More than 300 news outlets, including the New York Times and the Guardian, have today run a co-ordinated series of editorials condemning US President Donald Trump’s attacks on the media.

Trump has repeatedly described the media as “fake news” and “the enemy of the American people” in public addresses and tweets.

Today’s editorial campaign was started by the Boston Globe, who called on newsrooms across the US to join it in defending against Trump’s attacks – which it described as as “fundamental threat” – “in their own words”.

“This relentless assault on the free press has dangerous consequences,” the Globe wrote in a leader column.

“Today in the United States we have a president who has created a mantra that members of the media who do not blatantly support the policies of the current US administration are the ‘enemy of the people’.

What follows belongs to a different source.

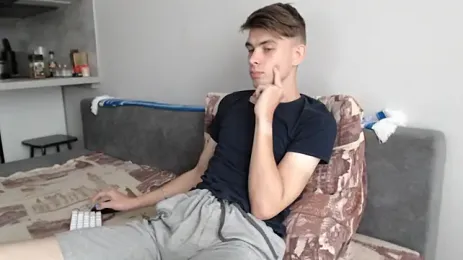 Student_Oliver webcam model stream image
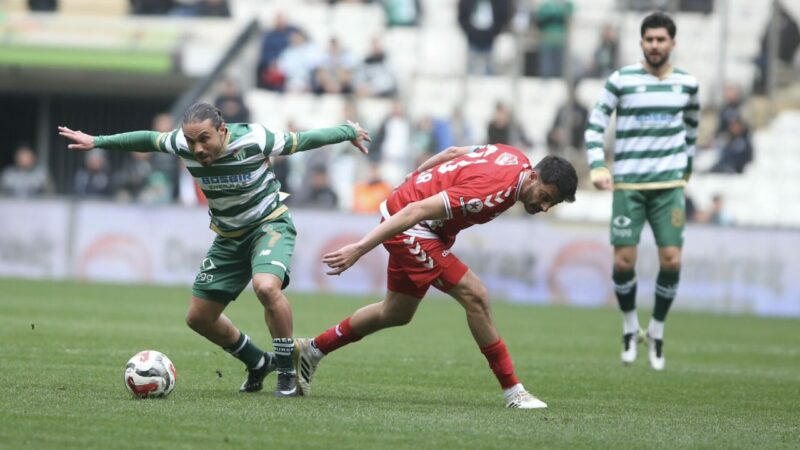Bursa’da önce Ramazan sonra Bursaspor bayramı Ligde son 6 maç öncesinde 5 puanlık avantajı bulunan Bursaspor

“This is one of the many lies that have been thrown out by this president, much like an old-time charlatan threw out ‘magic’ dust or water on a hopeful crowd.”

The paper, which was immortalised in the Oscar-winning film Spotlight, has described Trump’s attacks as a “dirty war against the free press”.

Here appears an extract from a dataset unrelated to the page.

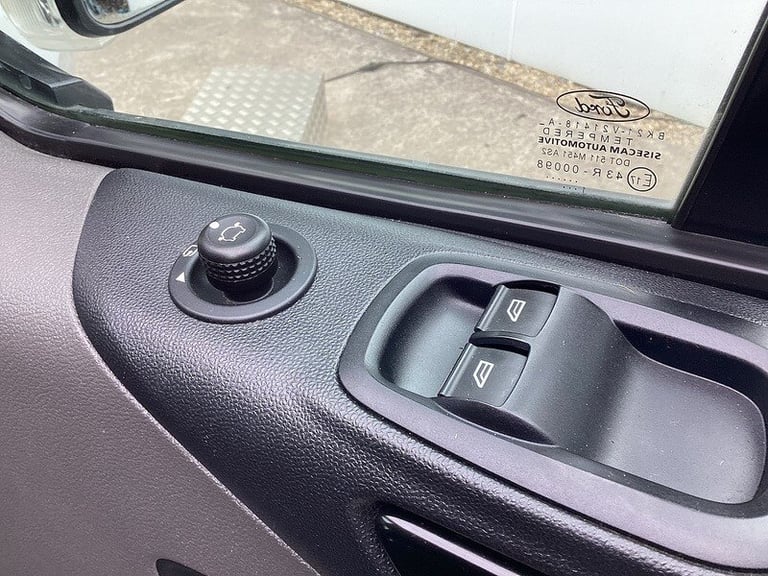 2021 Ford Transit Custom 300 EcoBlue Limited LWB L/R A/C Euro 6 **NO VAT** LWB Panel Van Diesel M...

Trump has ramped up his rhetoric against the press in recent months. He first called the New York Times and broadcasters NBC News, CNN, ABC and CBS the “enemy of the American people”in a tweet in February last year.

  

Other newspapers taking part in the campaign include the New York Post, Chicago Sun Times, Miami Herald, Philadelphia Inquirer and a number of other smaller, regional papers.

The New York Times published an opinion piece calling on readers to “please subscribe to your local papers.” It added: “Praise them when you think they’ve done a good job and criticise them when you think they could do better. We’re all in this together.”

The Wall Street Journal did not take part, but columnist James Freeman had earlier written that the president has the right to freedom of speech as much as the media does, according to the BBC.

The New York Post said: “The Boston Globe has asked for a coordinated response today from newspapers across the country, to oppose President Trump’s labeling journalists as an ‘enemy of the people’.

“Who are we to disagree? We support a free and vibrant press, a nation where the powerful are held to account by the Fourth Estate. Journalists are not the enemy of the people; we’re advocating for the people. We stand with our colleagues.”

But, it added: “Will this make a difference? Not one whit.”

The Guardian, which also publishes in the US, said: “Donald Trump is not the first US president to attack the press or to feel unfairly treated by it.

“But he is the first who appears to have calculated and consistent policy of undermining, delegitimising and even endangering the press’s work.

“The Guardian stands with the US in its efforts to maintain the objectivity and the moral boundaries that this president – like so many others in much more dangerous parts of the world – is doing so much to destroy.”

Earlier this month White House press secretary Sarah Huckabee Sanders refused to say the press was not the enemy of the people when repeatedly asked to do so by a reporter at a press conference.

She said: “As far as I know, I’m the first press secretary in the United States that has required secret service protection…

“The media continues to ratchet up the verbal assault against the President and everyone in this administration.

“Certainly we have a role to play, but the media has a role to play for the discourse in this country as well.”

Five staff, including four journalists, at US daily newspaper the Capital Gazettein Maryland were killed in a newsroom shooting in late June.